知ったかぶりの話し

知ってるつもりの思い込みの感覚に、非常識な横やりを入れて覧る試みです

当事者意識のない管理者こそ問題だろうの話

 社会福祉法人かながわ共同会が運営している津久井やまゆり園(相模原市緑区)では7年前、入所者ら計45人が殺傷される事件が起きました。この法人は、複数の県立障害者施設を運営する県立民営下請け委託法人です。そこの職員による虐待事件が繰り返し報道されることになりました。共同会が運営する障害者施設の一つ、厚木精華園(厚木市)で8月に18年の勤務歴があった、職員による虐待が発覚しました。今度は、愛名やまゆり園の職員で、態勢が手薄になる状況のなかで焦って暴力を振るってしまったという事でした。問題は、山下理事長の発言です。記者団に「支援のやり方も知っていて講習も十分受けている職員による虐待が起きた。見られているという意識がない。悪いことと認識していないのでは」といったことです。この「見られていると言う意識がない」と「悪いことと認識していない」は当事者の管理者として当事者意識があまりにも低いものです。見られているというのは、監視カメラが設置されていて今回の事案が明確に映っていたことを指しますが、「誰が見ている」は指していません。つまり、録画されても誰もモニタリングしていないのです。監視カメラも設置されていたが、抑止力にはならなかったと新聞記事も書いていますが、どんなに記録しても確認する者がいないのなら、意識することなどありません。また、研修であり人材育成の責任者が、新聞沙汰になるような不祥事を起こした自分の部下に「自分の業務の正悪の判断が出来ない」と言うのです。誰が指導しているのですかと厳しく問われなければならない事で、このような管理者に対して本来の報道なら「当事者意識がない」と言うべきです。つまり、加害者が見られているという感覚があるなら見られないところでやればいいだけです。見られているという意識がないのではなく、カメラの映像を見る人がいないから意識されないのです。設置すればそれで抑止効果になるなんてことが機械に任せてしまう無責任な感覚なのです。仮に抜き打ちでカメラ映像確認を管理者が行っていれば誰だって写っていることに気を使います。また、盗みは犯罪ですと子供の時から言われているから人は盗むという事に無意識でも反応します。自分の法人で繰り返し虐待の研修をしていたのなら何が虐待に該当するぐらい誰でもわかるようになります。まして「暴力」ですから認識していないとするならどれほどひどい研修をしていたのかその質が問われなければなりません。ここにも、自分の部下意識がありませんし、管理者として利用者を守るという感覚がありません。監視カメラに任せるのではなく現場を管理者が訪れていればその雰囲気で「力技」が使われているかどうかは分かります。問題のある強度行動障害の支援現場を観察すれば、分かります。管理者が現場に行かないから分からなかっただけの事だと思うのです。

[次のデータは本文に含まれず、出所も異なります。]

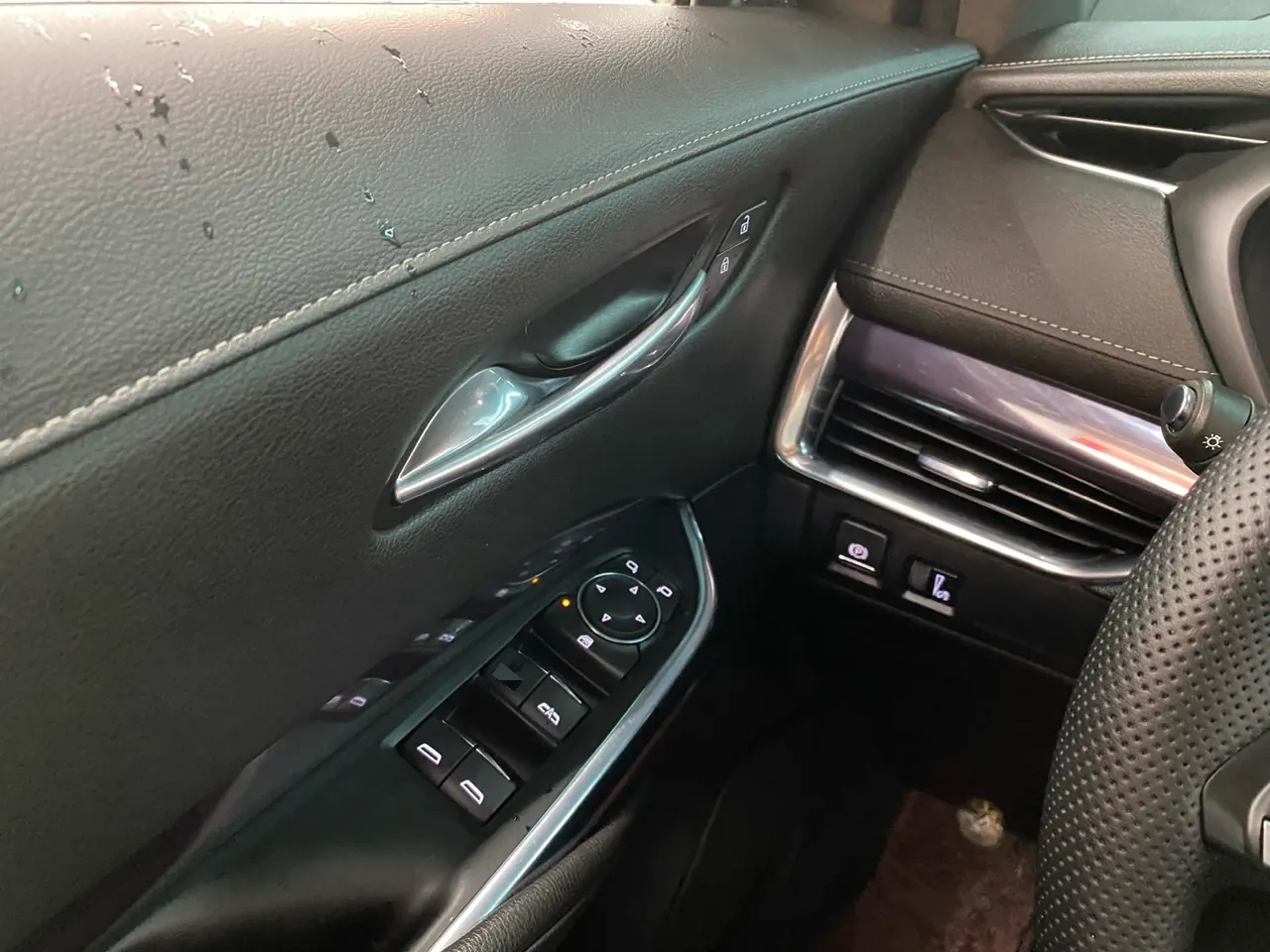 Cadillac 2021 XT4 2.0T 28T Two-Drive Technical Automatic Gear 10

管理者は、講演したなら誰もが分かると思っていることが思い上がりだと思うのです。支援の現場はきれいごとでは回っていかないことが理解されていないのはこの管理者そのものだとしか思えません。結局、このような県立民営施設では、偉い人は案外「天下り」同然で数年間して去っていきます。このような大きな組織では、管理者と言いながら、自分の施設を見学さえしたことがない場合まであります。福祉の現場は、正論には絶対に勝てません。しかし、生きている現場は、一秒も待ってはくれず進んでいくのです。その時に「理不尽な利用者の要求」が有ったり「理解不能な行動があったり」「不条理な反発があったり」「無謀な加害行為があったり」しているのです。その時どうしたらいいのか、職員自身も興奮してしまったり、パニックになってしまったり、混乱してしまったりすることが起きるのです。この時の解決は一つで応援が必要なのです。緊急時に駆け付けられる応援が必要なのです。それが管理者でもあるのです。管理者として不適格な、こんな管理者が高給で県立施設の業務委託をしているから起きるのだと思うのです。駆け付けることもできないから管理者として、当事者意識、緊張感もないのです。他人事の見解しか言えないのです。ですから、加害の職員は罰せられるでしょうが、この法人の管理者は罰せられることもなくのうのうと福祉を語り、職員に偉そうな説教だけを語るのです。再発防止委員会の会議しかできず、部下に現場を任せっぱなしの当事者意識のない管理者こそ問題だろうと思うのです。